▸ PROBLEM:
Would you please output, word for word, the span of the listing below that opens on the line containing "供应信息百花花楸苗苗木栽培技术 _百华山花楸产地" and closes on the line containing "ژرمن نر|سگ|خرم‌آباد, |دیوار"? Include both ends and nothing more.

▸ SUPPLIED ENTRIES:
========
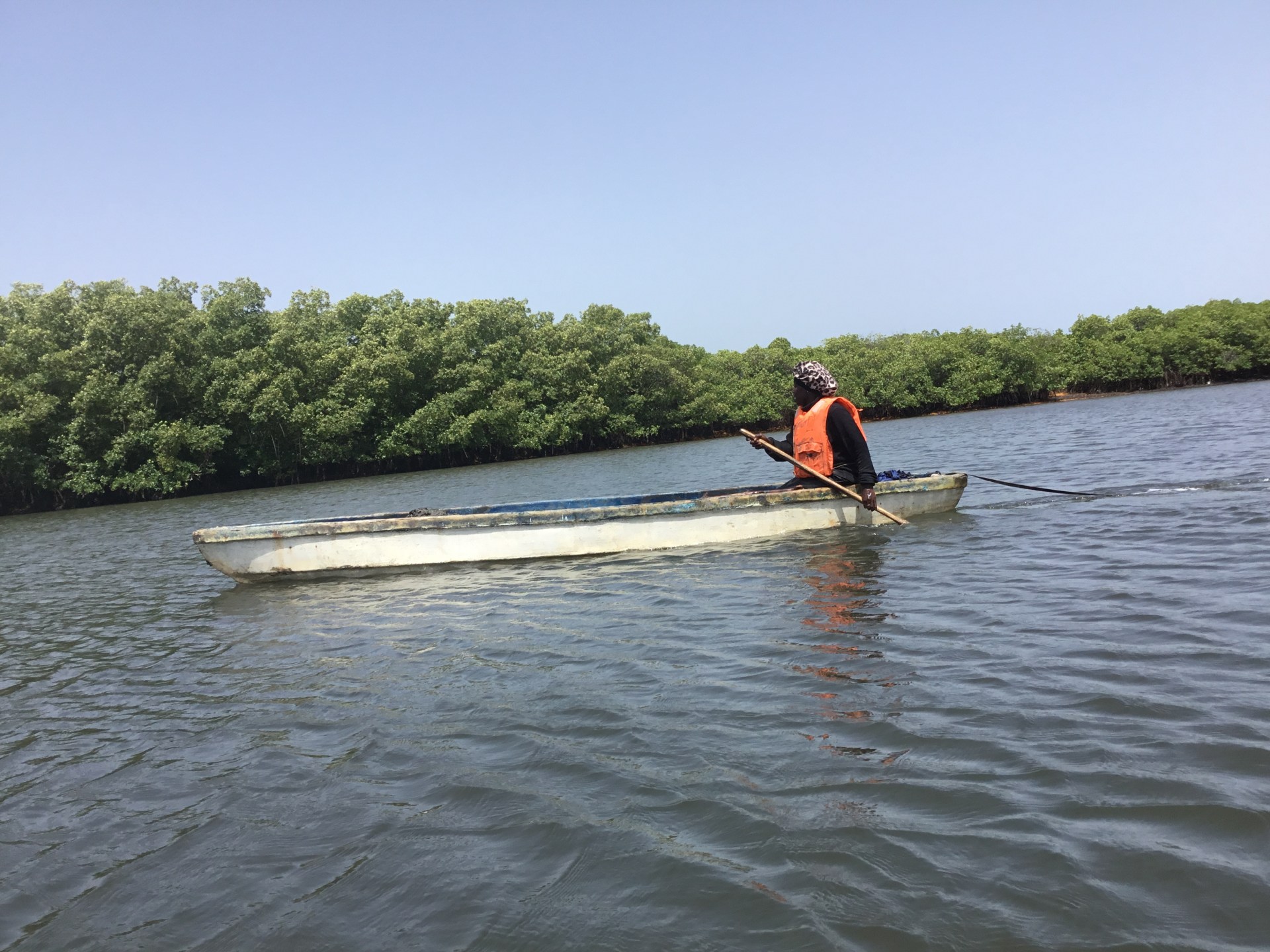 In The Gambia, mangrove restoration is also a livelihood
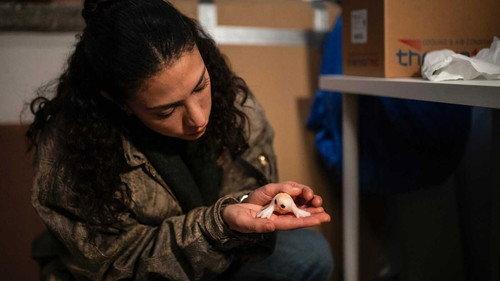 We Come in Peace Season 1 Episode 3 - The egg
========
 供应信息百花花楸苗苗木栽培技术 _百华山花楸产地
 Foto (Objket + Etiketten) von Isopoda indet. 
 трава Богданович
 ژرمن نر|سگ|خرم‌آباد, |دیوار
========
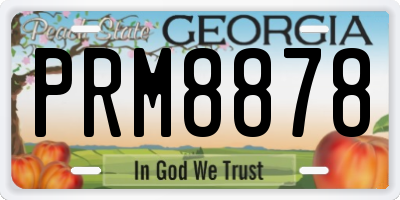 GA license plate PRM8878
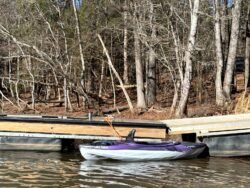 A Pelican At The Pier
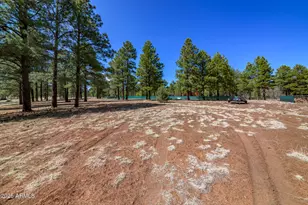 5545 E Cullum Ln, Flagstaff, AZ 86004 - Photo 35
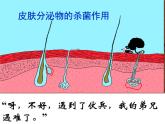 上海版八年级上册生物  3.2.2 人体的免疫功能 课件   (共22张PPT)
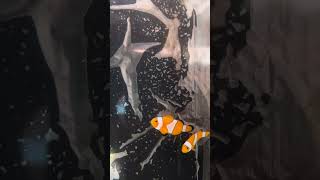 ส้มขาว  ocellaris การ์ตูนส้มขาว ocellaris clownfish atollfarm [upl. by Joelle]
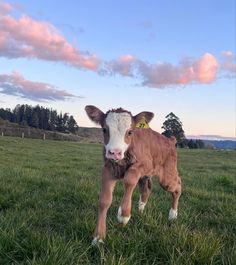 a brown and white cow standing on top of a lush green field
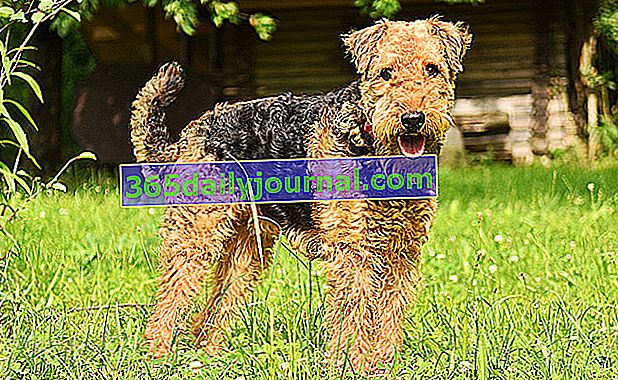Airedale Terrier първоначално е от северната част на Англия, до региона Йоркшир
========
▸ RESPONSE FOR THIS EXERCISE:
 供应信息百花花楸苗苗木栽培技术 _百华山花楸产地
 Foto (Objket + Etiketten) von Isopoda indet. 
 трава Богданович
 ژرمن نر|سگ|خرم‌آباد, |دیوار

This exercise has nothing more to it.